Durante el funcionamiento de una bomba centrífuga, dos fenómenos comunes que pueden ocurrir son la cavitación y la unión de gas. Si bien estos problemas pueden causar problemas, es importante comprender que pueden mitigarse con el cuidado y mantenimiento adecuados.
La cavitación ocurre cuando hay un área de baja presión cerca del impulsor de la bomba, lo que provoca la formación de pequeñas burbujas de gas en el fluido que se bombea. Luego, estas burbujas implosionan, creando una onda de choque de alta energía que puede dañar el impulsor, provocando erosión, picaduras e incluso una falla total. Para evitar la cavitación, es importante asegurarse de que la presión de succión no caiga por debajo del límite recomendado por el fabricante y que el impulsor esté correctamente alineado y equilibrado. Además, usar un fluido con una presión de vapor más alta o ajustar la velocidad de la bomba también puede ayudar a prevenir la cavitación.
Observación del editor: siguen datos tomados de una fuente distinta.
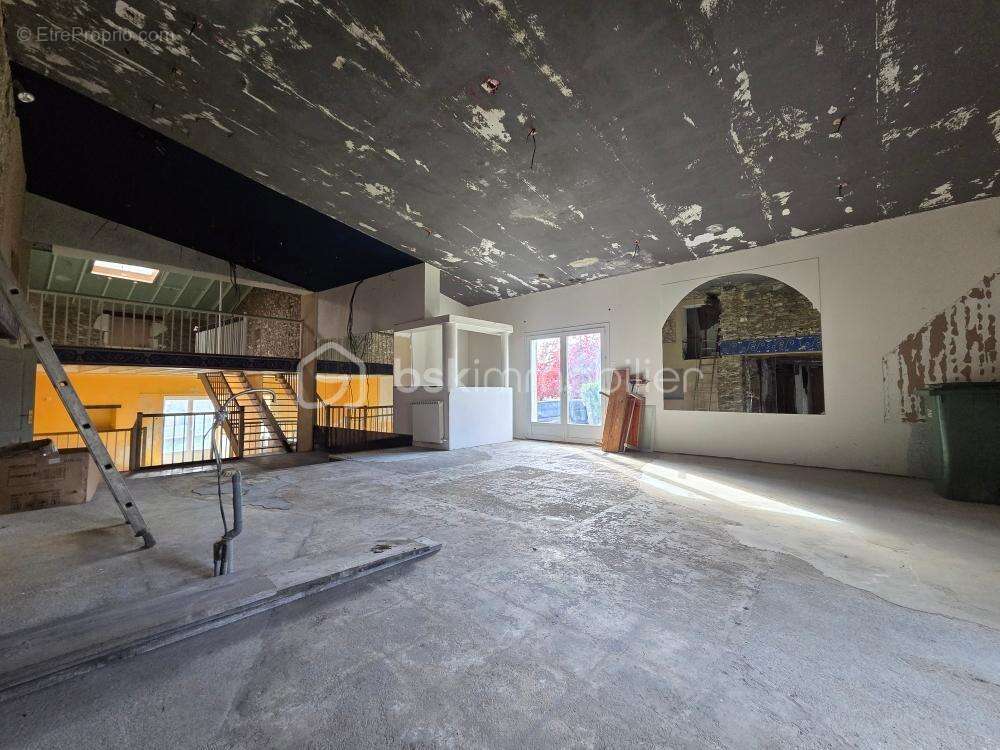 Maison à SAINT-LAURS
La unión del gas, por otro lado, ocurre cuando el aire u otros gases quedan atrapados en la bomba, lo que impide que entregue el caudal necesario y reduce la eficiencia. Esto puede deberse a una instalación incorrecta, un suministro insuficiente de líquido o una fuga en la carcasa de la bomba. Para evitar que el gas se atasque, es importante asegurarse de que la bomba esté cebada adecuadamente antes de usarla y verificar si hay fugas en el sistema.
En conclusión, si bien la cavitación y la unión de gas son fenómenos comunes durante el funcionamiento de una bomba centrífuga, se pueden prevenir con el cuidado y mantenimiento adecuados. Al asegurarse de que la bomba funcione dentro de los límites recomendados y de que esté cebada y alineada adecuadamente, los operadores pueden evitar estos problemas y mantener la bomba funcionando de manera eficiente en los años venideros.